Since this is a minor feature request, I don't believe it to require a RFC. If the team thinks a formal RFC would be best, just let me know and I'll do the "pull request" dance.
Summary
Add "DS_Consume" and "DS_Append" intrinsics to HCC.
Motivation
DS_Consume and DS_Append can be used to implement highly efficient, compact queues to LDS within a wavefront. Support for these functions seems to exist as early as GCN 1.0.
Detailed design
According to the GCN ISA, DS_Append increment an LDS variable by the popcount of the execution mask. For example, if 40 threads are active, DS_Append would increment the location by +=40. DS_Consume is the inverse, it would decrement the location by the population count of the execution mask.

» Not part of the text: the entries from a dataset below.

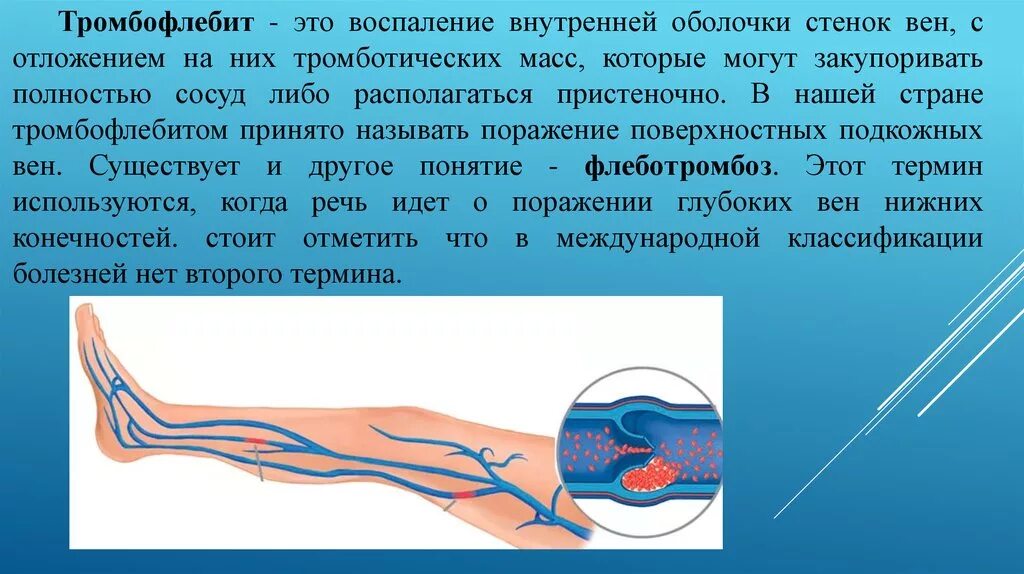 Тромбофлебит воспаление. Тромбофлебит поверхностных вен. Тромбоз определение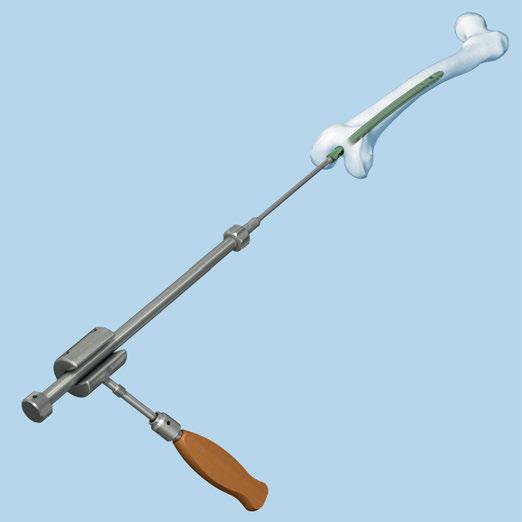 Implant Removal 5 Remove nail Instrument 03.010.056 Combined Hammer 700 g, can be mounted, for No. 357.220 or 03.010.522 Combined Hammer, 500 g Extract the nail by applying gentle blows with the combined hammer.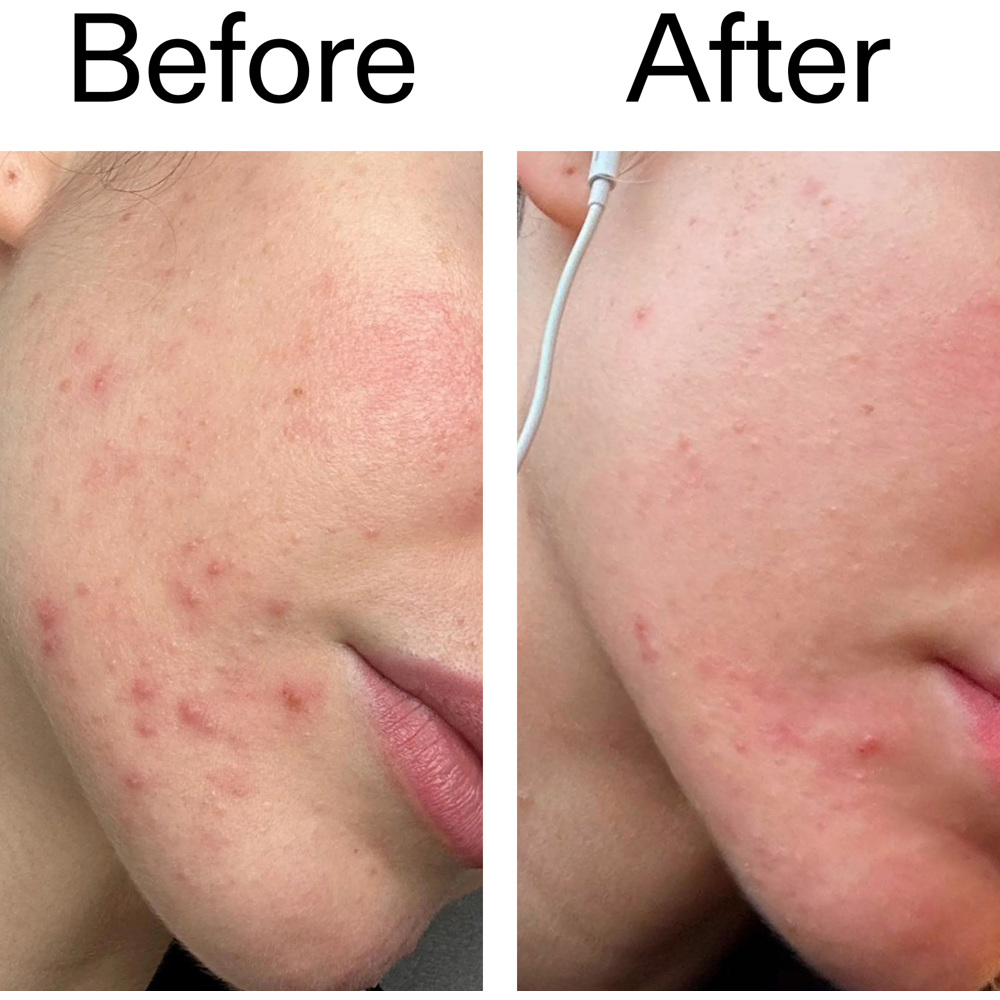 Blemish Clearing Moisturizer 2% Novoretin, 50ml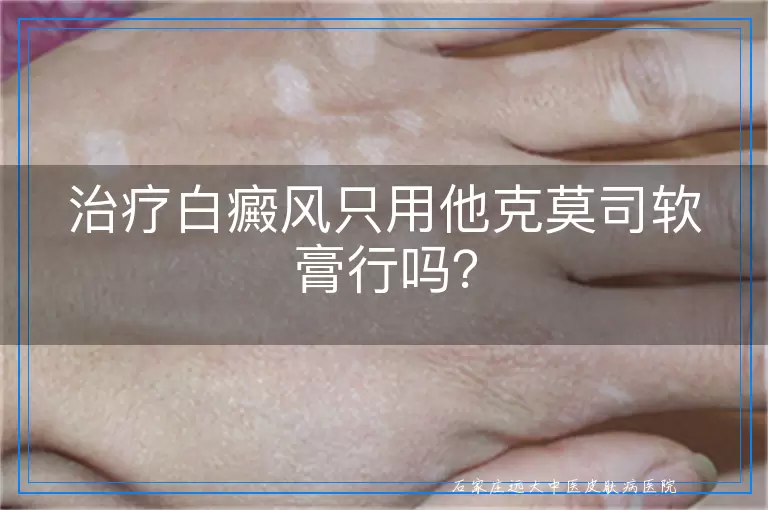 治疗白癜风只用他克莫司软膏行吗？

HCC already implements a number of intrinsics, such as __amdgcn_ds_bpermute. Following the convention, the functions would look something like this:
int __amdgcn_ds_append(tile_static int& val);
int __amdgcn_ds_consume(tile_static int& val);
The return value is the pre-operation value, as per the ISA.
Drawbacks
DS_Consume and DS_Append are somewhat obscure functions of the hardware. I'm not sure if many people would be aware of how to use the functions.
Alternatives
The functions could take a pointer instead, like this:
int __amdgcn_ds_append(tile_static int* val);
The pointer is more C-like, while the reference would be C++ like code.
Unresolved questions
These functions also can be used with GDS memory, but I don't know how GDS memory works.